Big Brother

A Bigger Body Does Not Equal a Diseased Body

Yet another pair of studies is stirring up confusion about whether obesity is defined entirely by a bigger body.

Elisa Fabbrini and colleagues from the Washington University School of Medicine studied the metabolic effects of weight gain in a small, elegant study comparing people with normal metabolic heath at a BMI above 30 with matched controls. People in the control group had measurable metabolic disease. The average BMI for all participants in this study was 36.

What they found was that weight gain caused further metabolic harm in people with metabolic disease. But for the people with good metabolic health despite a high BMI, no metabolic harm occurred. In other words, they found that some people do indeed appear to be resistant to the typical health effects of excess weight. Senior investigator Sam Klein commented:

These results suggest that the ability of body fat to expand and increase in a healthy way may protect some people from the metabolic problems associated with obesity and weight gain. We need more studies to try to understand why obesity causes specific diseases in some people but not in others. Could it be genetics, specific dietary intake, physical lifestyle, emotional health or even the microbes that live in the gut?
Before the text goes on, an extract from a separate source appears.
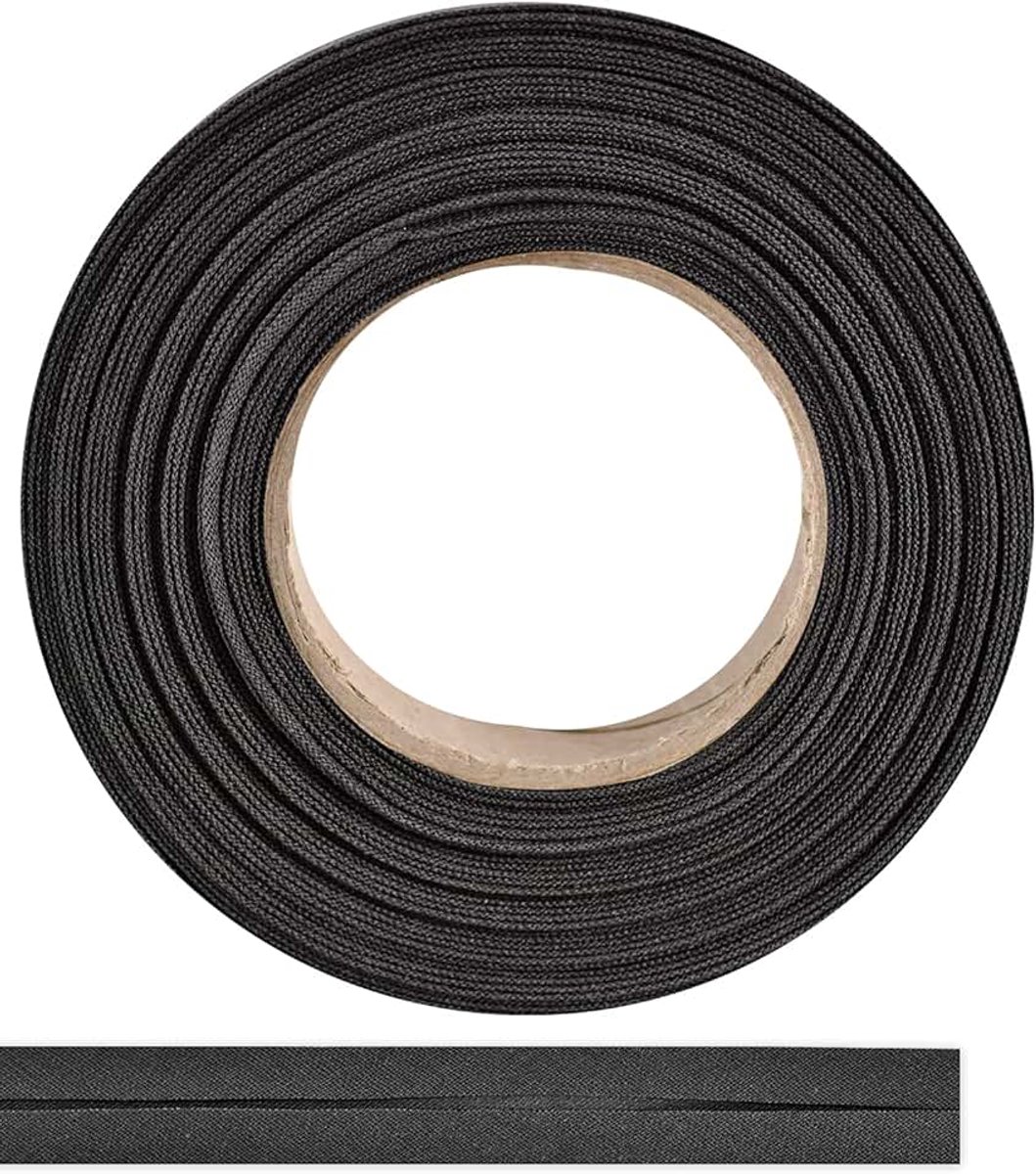 Biasband van 100% katoen, 10 m x 60 mm (gevouwen), hoogwaardige rand, katoenen band, biasband, ideaal voor doe-het-zelf naaien, in België gemaakt, op een rol (donkergrijs)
As if to counter this controlled study, an observational study published today in the Journal of the American College of Cardiology followed people for 20 years with a BMI over 30 and fewer than two markers of metabolic disease. They found that half of those subjects progressed to have more signs of metabolic disease after 20 years — half did not. The authors go with their gut and conclude that “the natural course of healthy obesity is progression to metabolic deterioration.” So half of the people in this study, those who did not progress, were unnatural?
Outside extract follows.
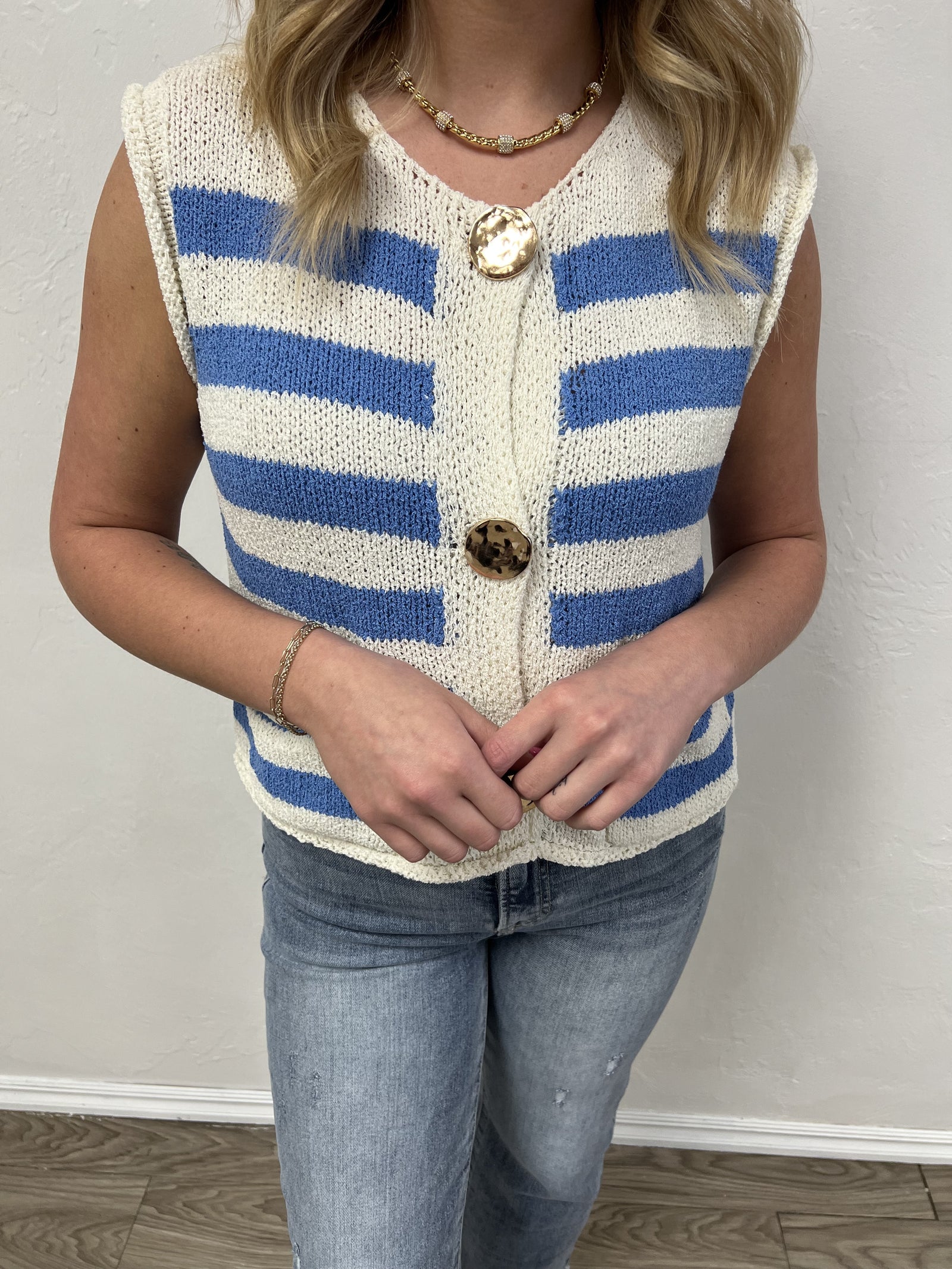Coastal Stripe Knit Sweater Vest - Blue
Headline writers promptly responded with headlines saying “Study Debunks Healthy Obesity.” And thus we have a continuing cycle of bunk in the form of sensational headlines.

The whole debate over “healthy obesity” is a bit tiresome. It’s not typical for someone to have a high BMI and remain healthy, but it happens. If someone is healthy despite a high BMI, they might be big, but they don’t have the disease of obesity. People who want to equate obesity with BMI might as well be equating thirst with diabetes. It’s a good clue, but it’s not a diagnosis. Diagnosis requires more than height and weight or just a glance.

Obesity is an excess of adipose tissue (fat) that interferes with good health. Anyone who argues otherwise is setting up a straw man.

Click here to read more from the LA Times and here to read the study from Fabbrini et al.  Click here to read more from ConscienHealth.

Big Brother, photograph © Thomas Leuthard / flickr

Subscribe by email to follow the accumulating evidence and observations that shape our view of health, obesity, and policy.


4 Responses to “A Bigger Body Does Not Equal a Diseased Body”

  1. January 06, 2015 at 8:28 am, Susan Burke March said:

    Good news for good research. Did you see this from Britian’s Got Talent? A good example of a big woman who’s extremely fit.

    • January 06, 2015 at 9:06 am, Ted said:

      Thanks, Susan, on both counts. This is a tricky subject, so it pays to be careful.

  2. January 12, 2015 at 10:46 am, Allen Browne said:

    Obesity is an excess of adipose tissue (fat) that interferes with good health. Anyone who argues otherwise is setting up a straw man.

    Well said, Ted!

    • January 12, 2015 at 11:06 am, Ted said:

      Thanks, Allen.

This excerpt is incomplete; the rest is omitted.